BEGIN EXTRACTED MATERIAL

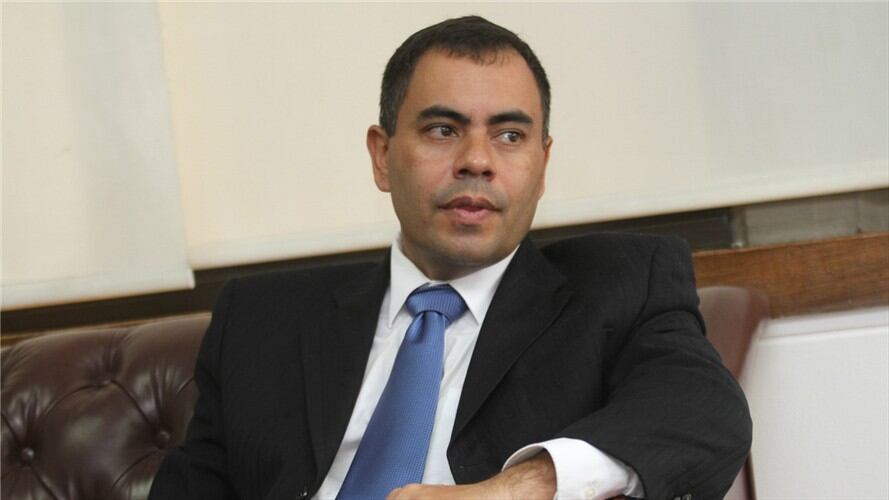 El funcionario ya había sido superintendente encargado de la entidad. Foto: Colprensa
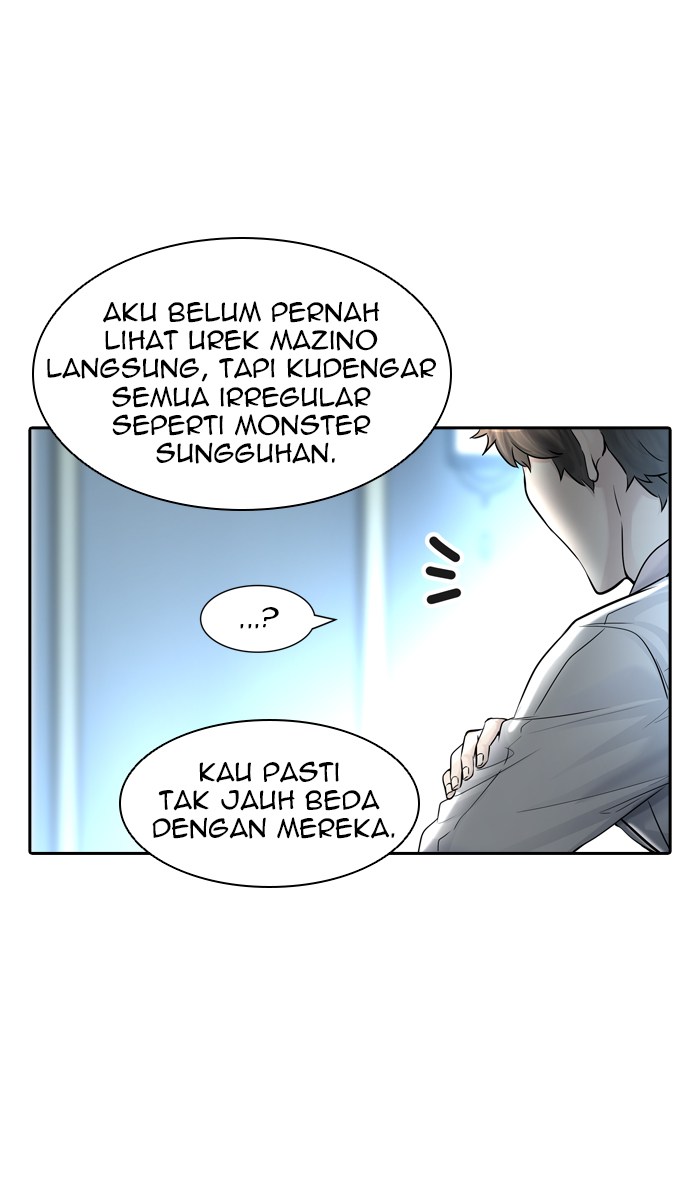 Webtoon Tower Of God Bahasa Indonesia Chapter 416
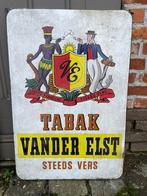 Emaille bord van der elst, Antiquités & Art, Enlèvement ou Envoi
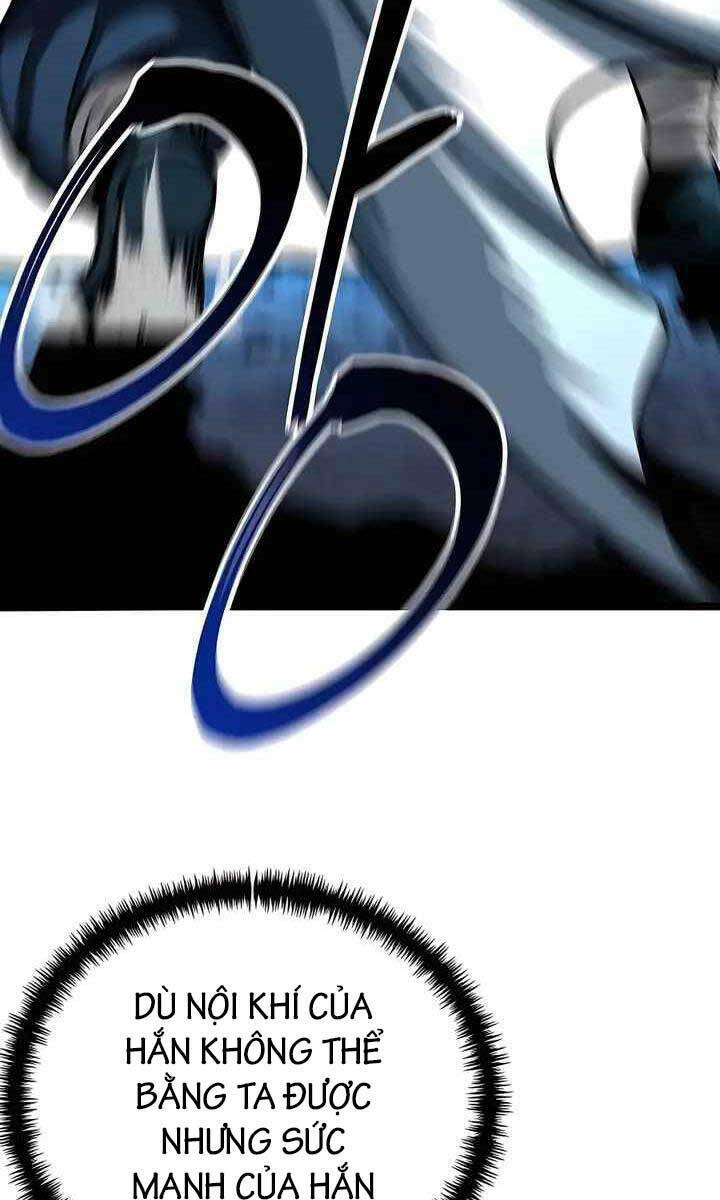 Ông Võ Giả Và Cháu Chí Tôn Chapter 7 - Trang 2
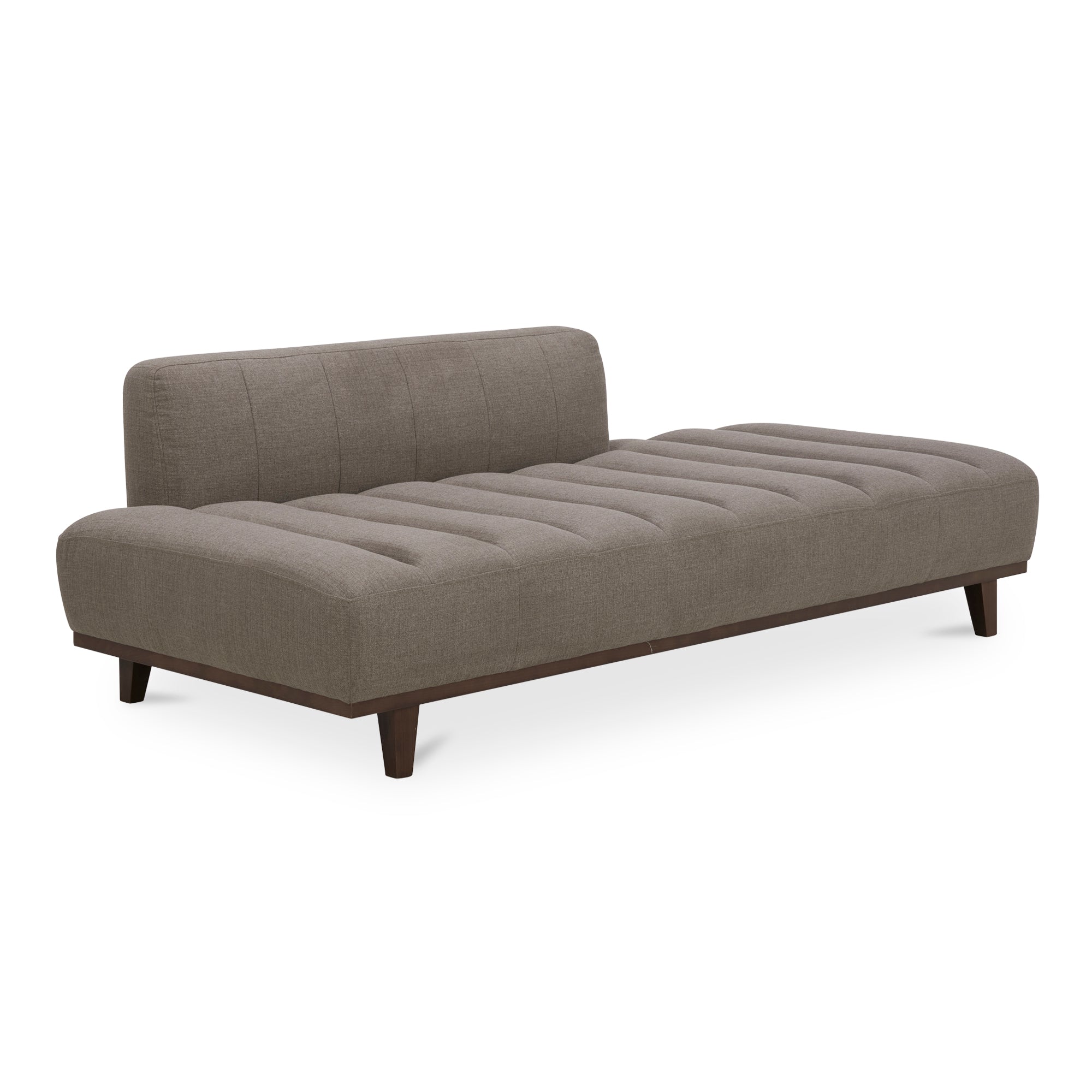 Bennett Soft Taupe Daybed Daybeds Moe's , Black Friday Sale Moe's Furniture Sale, Old Bones Co, Mid Century Furniture Sale, Four Hands Furniture, Black Friday Sale Bennett Soft Taupe Daybed,Gus Sale, Perigold Bennett Soft Taupe Daybed Daybeds Black Friday Sale , Perigold Sale Bennett Soft Taupe Daybed,Bennett Soft Taupe Daybed Lulu and Georgia, Burke Decor Sale Bennett Soft Taupe Daybed, www.oldbonesco.com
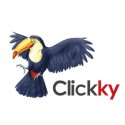 Clickky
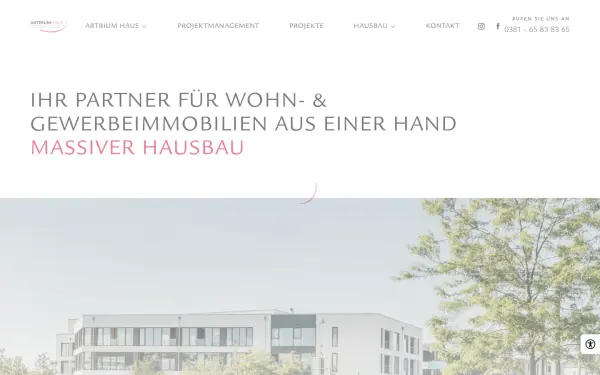 www.artrium-haus.de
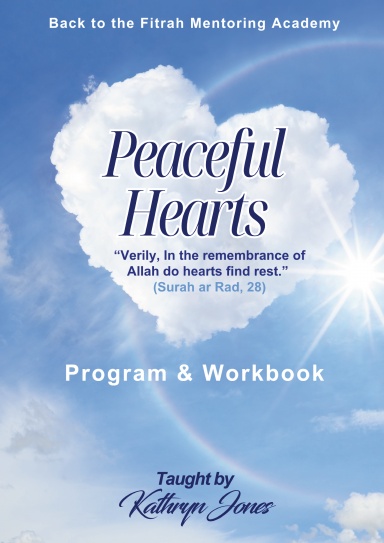 Peaceful Hearts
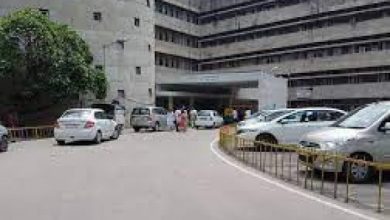 Photo of PGIMER चंडीगढ़ ने वरिष्ठ डिमोंस्ट्रेटर के रिक्त पदो को भरने के लिए विभाग अनुभवी उम्मीदवारों के लिए आवेदन किए जारी 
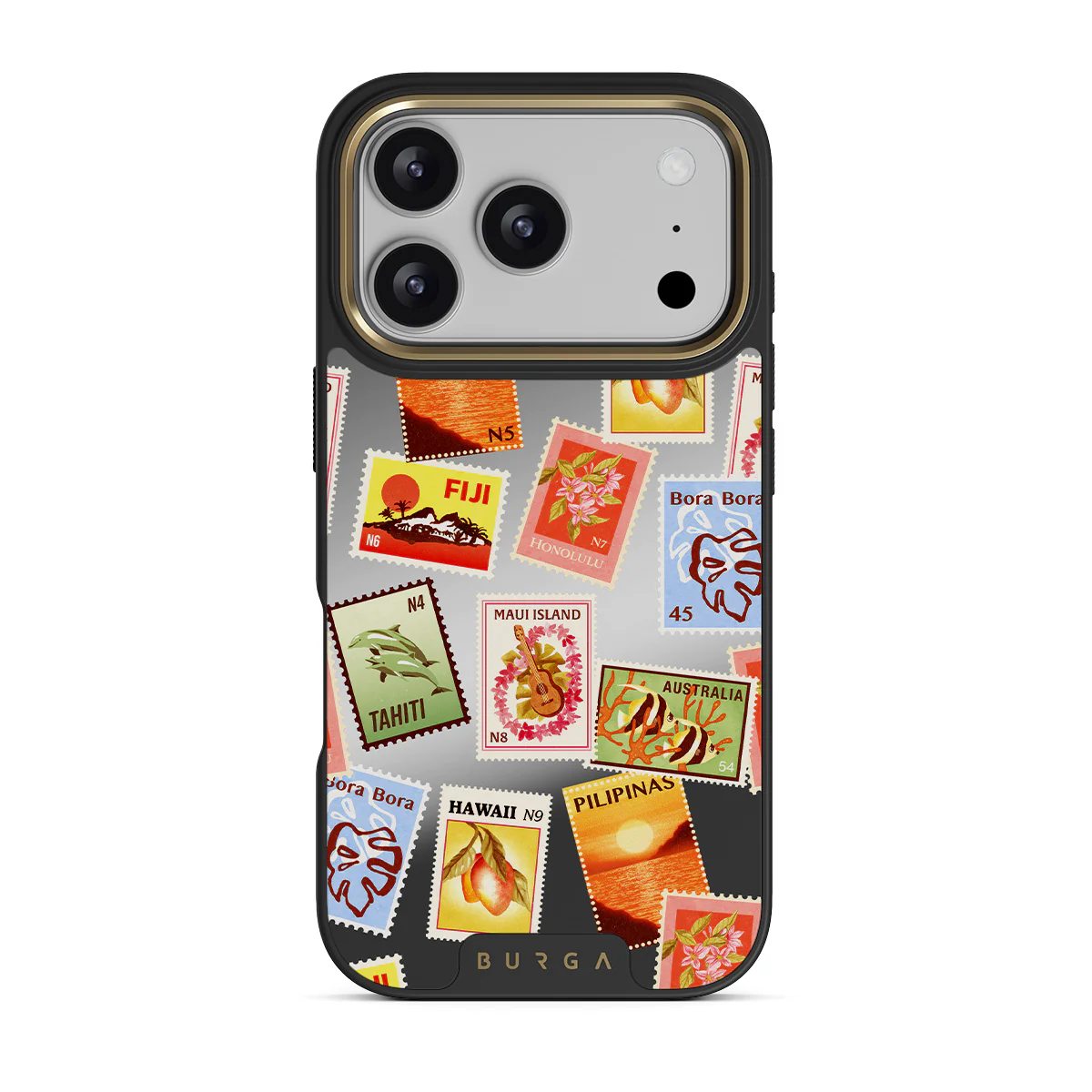 Paradise - iPhone 17 Pro Case - Image 26
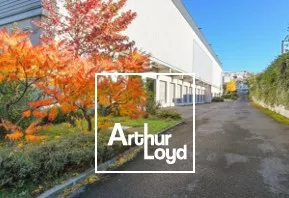 ENTREPOT CROSS-DOCKING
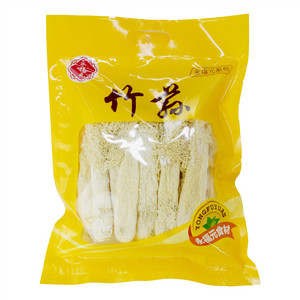 永福元竹荪
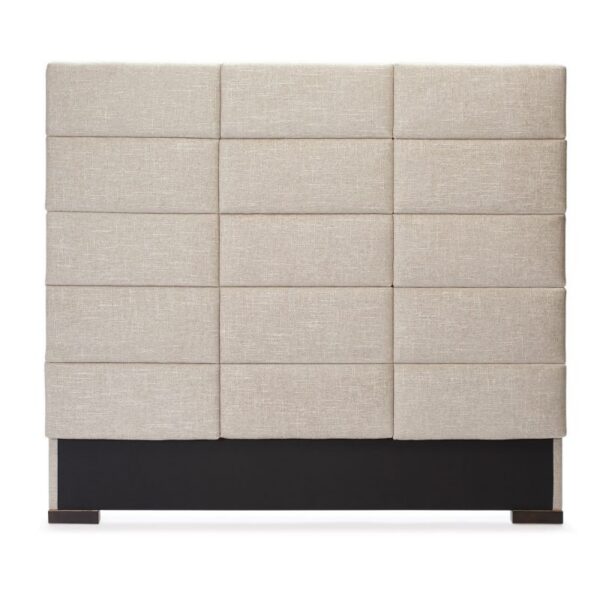Massoud KHT10R3C King Headboard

END EXTRACTED MATERIAL

Excluding images, output exactly the lines from the one that holds "www.artrium-haus.de" through the final line of the material, both ends included.

 www.artrium-haus.de
 Peaceful Hearts
 Photo of PGIMER चंडीगढ़ ने वरिष्ठ डिमोंस्ट्रेटर के रिक्त पदो को भरने के लिए विभाग अनुभवी उम्मीदवारों के लिए आवेदन किए जारी 
 Paradise - iPhone 17 Pro Case - Image 26
 ENTREPOT CROSS-DOCKING
 永福元竹荪
Massoud KHT10R3C King Headboard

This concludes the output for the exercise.